They're starting to sound like me.
Tech News
- A company called Adeia - which I've never heard of, but apparently they spun off from Xperi, which I've also never heard of, is suing AMD over its 3D vcache. (Tom's Hardware)
They claim they have patents on putting things on top of other things.
- Where did all those annoying CAPTCHAs go? (Wired) (archive site)
They've been replaced by fucking news sites that won't let you read their fucking news.
And tracking cookies. Mostly tracking cookies.
- Taking a look at that Asus ProArt 6k monitor. (9to5 Mac)
They're particularly looking at it in an Apple context but it works perfectly fine as a Windows monitor, or Linux for that matter.
And their conclusion: It's good. It's very good.
It's not cheap, but at $1299 the 32" 6k Asus monitor is cheaper than Apple's 5k 27" Studio Display. That costs $1599, or $1999 if you want a height-adjustable stand.
Apple's own 6k 32" display costs $999 - just for the stand. The screen itself starts at $4999.
Musical Interlude
Song is Trouble by Neon Jungle. Anime is Kill la Kill.
Disclaimer: Or is it?
Posted by: Pixy Misa at
05:55 PM
| No Comments
| Add Comment
| Trackbacks (Suck)
Post contains 518 words, total size 5 kb.
Monday, November 03
1400 Edition
Top Story
- Is OpenAI becoming too big to fail? (MSN)
It sure is. Just like Lehman Brothers. And Worldcom. And Enron.
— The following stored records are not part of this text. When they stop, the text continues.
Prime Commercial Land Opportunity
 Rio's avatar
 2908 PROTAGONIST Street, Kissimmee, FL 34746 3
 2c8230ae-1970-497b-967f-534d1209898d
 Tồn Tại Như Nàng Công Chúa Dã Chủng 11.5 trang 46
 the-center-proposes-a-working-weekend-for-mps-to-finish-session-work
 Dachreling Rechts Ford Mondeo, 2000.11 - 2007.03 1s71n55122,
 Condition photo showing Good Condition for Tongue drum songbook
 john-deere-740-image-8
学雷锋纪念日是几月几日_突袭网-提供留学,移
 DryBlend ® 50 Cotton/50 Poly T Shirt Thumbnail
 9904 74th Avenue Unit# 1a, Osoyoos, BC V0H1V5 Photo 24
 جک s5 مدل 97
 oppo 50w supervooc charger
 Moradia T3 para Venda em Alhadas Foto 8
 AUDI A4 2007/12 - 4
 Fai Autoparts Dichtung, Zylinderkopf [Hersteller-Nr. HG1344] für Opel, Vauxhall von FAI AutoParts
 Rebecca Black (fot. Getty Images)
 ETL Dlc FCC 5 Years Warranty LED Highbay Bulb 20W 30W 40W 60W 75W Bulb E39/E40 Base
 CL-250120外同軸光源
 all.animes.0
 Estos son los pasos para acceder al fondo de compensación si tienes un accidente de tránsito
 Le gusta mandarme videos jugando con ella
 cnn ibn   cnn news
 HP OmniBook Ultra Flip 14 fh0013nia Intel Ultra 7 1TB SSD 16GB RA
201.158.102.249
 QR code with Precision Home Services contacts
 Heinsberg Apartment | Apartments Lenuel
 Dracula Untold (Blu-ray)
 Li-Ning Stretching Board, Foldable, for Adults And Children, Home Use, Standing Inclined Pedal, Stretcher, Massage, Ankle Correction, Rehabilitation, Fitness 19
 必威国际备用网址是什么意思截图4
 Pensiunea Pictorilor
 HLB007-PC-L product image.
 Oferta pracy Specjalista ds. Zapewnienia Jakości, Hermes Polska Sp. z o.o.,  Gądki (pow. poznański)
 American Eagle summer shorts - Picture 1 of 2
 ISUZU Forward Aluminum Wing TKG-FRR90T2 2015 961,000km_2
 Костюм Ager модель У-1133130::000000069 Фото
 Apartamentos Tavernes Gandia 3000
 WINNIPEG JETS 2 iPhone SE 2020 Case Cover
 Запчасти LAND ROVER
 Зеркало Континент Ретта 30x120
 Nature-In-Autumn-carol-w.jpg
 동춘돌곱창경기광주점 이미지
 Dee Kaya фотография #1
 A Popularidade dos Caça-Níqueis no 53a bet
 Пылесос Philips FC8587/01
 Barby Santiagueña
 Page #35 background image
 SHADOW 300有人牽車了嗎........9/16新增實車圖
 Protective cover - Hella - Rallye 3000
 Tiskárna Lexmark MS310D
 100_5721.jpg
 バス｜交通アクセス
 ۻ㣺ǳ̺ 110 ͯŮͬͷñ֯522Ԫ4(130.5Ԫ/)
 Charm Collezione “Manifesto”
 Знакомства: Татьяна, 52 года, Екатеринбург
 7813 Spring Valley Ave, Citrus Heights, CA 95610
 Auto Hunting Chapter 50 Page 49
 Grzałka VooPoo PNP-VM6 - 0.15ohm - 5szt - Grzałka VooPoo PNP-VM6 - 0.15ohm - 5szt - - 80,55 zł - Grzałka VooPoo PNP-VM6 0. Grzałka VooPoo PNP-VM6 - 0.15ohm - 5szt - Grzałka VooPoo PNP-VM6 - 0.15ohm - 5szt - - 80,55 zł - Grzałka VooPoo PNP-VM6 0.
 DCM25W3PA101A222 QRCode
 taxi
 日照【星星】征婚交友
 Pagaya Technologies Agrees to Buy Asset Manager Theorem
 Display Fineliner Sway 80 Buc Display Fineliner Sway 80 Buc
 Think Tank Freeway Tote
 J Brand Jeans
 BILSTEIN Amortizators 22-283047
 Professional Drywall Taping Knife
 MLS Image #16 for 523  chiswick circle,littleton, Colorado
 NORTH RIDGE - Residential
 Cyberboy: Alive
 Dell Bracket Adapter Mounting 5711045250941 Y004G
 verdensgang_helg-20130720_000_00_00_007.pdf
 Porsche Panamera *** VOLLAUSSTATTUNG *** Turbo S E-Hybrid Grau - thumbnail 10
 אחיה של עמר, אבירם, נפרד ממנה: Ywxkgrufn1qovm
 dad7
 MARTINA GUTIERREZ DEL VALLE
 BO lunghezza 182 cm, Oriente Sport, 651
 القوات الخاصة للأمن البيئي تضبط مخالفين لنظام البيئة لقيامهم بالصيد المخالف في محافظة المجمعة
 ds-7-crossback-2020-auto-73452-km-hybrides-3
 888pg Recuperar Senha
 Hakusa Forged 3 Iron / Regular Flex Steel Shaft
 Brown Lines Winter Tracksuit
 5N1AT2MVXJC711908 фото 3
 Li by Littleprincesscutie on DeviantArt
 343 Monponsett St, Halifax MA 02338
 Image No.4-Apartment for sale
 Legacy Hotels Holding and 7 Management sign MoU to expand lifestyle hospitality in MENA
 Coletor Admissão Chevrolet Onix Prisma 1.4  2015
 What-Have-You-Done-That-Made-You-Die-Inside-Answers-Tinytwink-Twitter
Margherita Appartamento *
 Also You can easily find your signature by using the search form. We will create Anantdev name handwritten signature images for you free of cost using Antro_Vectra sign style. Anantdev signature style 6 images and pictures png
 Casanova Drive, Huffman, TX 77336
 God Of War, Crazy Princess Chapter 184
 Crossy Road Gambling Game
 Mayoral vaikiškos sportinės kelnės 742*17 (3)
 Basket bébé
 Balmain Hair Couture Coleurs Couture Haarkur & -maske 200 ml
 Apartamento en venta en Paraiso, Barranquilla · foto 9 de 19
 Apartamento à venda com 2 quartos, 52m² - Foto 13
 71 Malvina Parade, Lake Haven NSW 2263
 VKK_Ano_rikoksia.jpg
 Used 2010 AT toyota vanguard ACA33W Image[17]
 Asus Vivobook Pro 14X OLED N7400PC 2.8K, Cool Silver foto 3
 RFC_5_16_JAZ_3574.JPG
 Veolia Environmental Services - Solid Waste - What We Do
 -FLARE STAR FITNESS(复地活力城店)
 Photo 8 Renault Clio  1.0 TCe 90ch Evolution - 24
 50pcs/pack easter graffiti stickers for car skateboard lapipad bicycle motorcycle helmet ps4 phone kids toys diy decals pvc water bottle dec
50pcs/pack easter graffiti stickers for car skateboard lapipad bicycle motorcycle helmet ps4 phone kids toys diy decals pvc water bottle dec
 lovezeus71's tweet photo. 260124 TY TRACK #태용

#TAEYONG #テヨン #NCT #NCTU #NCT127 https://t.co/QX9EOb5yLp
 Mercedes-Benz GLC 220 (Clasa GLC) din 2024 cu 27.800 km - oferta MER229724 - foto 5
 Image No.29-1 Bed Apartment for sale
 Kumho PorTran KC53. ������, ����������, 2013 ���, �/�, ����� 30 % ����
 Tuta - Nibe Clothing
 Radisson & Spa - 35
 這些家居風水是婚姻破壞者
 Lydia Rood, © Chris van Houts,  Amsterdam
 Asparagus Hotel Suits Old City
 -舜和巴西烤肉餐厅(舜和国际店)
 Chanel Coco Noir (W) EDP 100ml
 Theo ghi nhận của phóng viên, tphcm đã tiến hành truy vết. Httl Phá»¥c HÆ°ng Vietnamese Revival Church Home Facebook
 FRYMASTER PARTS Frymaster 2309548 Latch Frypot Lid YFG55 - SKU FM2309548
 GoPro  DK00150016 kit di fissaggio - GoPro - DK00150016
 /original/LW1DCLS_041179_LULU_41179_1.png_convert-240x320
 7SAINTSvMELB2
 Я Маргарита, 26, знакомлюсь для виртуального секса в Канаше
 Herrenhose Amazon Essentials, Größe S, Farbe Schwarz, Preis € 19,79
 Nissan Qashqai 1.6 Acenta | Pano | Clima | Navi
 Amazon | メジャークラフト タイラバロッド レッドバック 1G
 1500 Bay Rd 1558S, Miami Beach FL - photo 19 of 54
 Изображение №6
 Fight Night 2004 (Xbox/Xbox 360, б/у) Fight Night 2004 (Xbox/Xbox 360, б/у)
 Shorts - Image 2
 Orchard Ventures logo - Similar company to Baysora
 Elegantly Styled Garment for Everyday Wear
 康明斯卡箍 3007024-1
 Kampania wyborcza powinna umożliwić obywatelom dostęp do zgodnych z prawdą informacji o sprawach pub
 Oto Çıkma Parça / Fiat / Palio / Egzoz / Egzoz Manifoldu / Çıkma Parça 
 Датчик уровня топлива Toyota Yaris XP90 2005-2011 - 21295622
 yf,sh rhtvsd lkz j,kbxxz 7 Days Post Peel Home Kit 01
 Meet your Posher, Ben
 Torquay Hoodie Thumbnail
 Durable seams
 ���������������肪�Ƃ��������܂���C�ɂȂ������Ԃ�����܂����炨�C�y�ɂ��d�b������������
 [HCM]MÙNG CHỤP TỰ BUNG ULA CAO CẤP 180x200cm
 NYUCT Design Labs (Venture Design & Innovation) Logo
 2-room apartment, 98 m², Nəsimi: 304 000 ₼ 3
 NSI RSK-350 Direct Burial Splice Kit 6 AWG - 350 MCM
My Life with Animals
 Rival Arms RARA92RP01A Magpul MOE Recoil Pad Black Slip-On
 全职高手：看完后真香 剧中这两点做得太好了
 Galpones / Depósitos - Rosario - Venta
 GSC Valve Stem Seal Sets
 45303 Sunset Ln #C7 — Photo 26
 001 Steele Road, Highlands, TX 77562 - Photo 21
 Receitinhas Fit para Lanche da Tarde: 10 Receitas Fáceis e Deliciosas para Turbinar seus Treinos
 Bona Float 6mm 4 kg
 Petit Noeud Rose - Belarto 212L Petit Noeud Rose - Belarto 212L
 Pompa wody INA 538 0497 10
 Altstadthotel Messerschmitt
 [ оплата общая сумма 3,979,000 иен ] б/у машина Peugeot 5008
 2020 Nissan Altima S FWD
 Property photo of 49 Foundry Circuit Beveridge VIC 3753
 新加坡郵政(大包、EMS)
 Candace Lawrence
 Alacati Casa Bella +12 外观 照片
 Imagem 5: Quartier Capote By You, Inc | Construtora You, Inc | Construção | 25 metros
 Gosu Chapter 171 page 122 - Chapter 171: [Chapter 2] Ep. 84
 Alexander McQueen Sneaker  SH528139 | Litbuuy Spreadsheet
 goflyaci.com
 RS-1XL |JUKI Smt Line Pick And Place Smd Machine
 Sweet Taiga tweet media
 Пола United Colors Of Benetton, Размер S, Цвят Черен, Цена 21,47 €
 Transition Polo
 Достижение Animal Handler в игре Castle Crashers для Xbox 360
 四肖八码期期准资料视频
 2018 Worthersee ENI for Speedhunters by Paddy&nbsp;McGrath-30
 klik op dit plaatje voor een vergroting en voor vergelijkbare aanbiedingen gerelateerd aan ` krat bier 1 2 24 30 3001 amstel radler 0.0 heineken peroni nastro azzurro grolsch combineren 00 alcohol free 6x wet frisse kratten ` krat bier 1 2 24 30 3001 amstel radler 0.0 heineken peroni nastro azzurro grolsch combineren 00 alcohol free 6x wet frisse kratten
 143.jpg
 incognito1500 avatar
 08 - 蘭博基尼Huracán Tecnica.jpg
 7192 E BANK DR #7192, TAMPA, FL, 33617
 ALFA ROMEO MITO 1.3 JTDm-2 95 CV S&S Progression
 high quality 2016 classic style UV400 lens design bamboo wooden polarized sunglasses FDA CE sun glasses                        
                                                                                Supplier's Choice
- OpenAI CEO Sam Altman explained how the company is planning to pay for $1 trillion worth of hardware and services deals with an annual revenue of $13 billion. (Tech Crunch)
"We are taking a forward bet that it will continue to grow, and that not only will ChatGPT keep growing, but we will be able to become one of the important AI clouds, that our consumer device business will be a significant and important thing, that AI that can automate science will create huge value," he added.
Well, I know I feel comforted.
Tech News
- The best things to watch over and over and over. (The Verge) (archive site)
I recall my nephew could watch My Neighbour Totoro on loop and never tire of it, but in his defense he was three years old at the time.
Which tells you a lot about the mental ages of tech journalists.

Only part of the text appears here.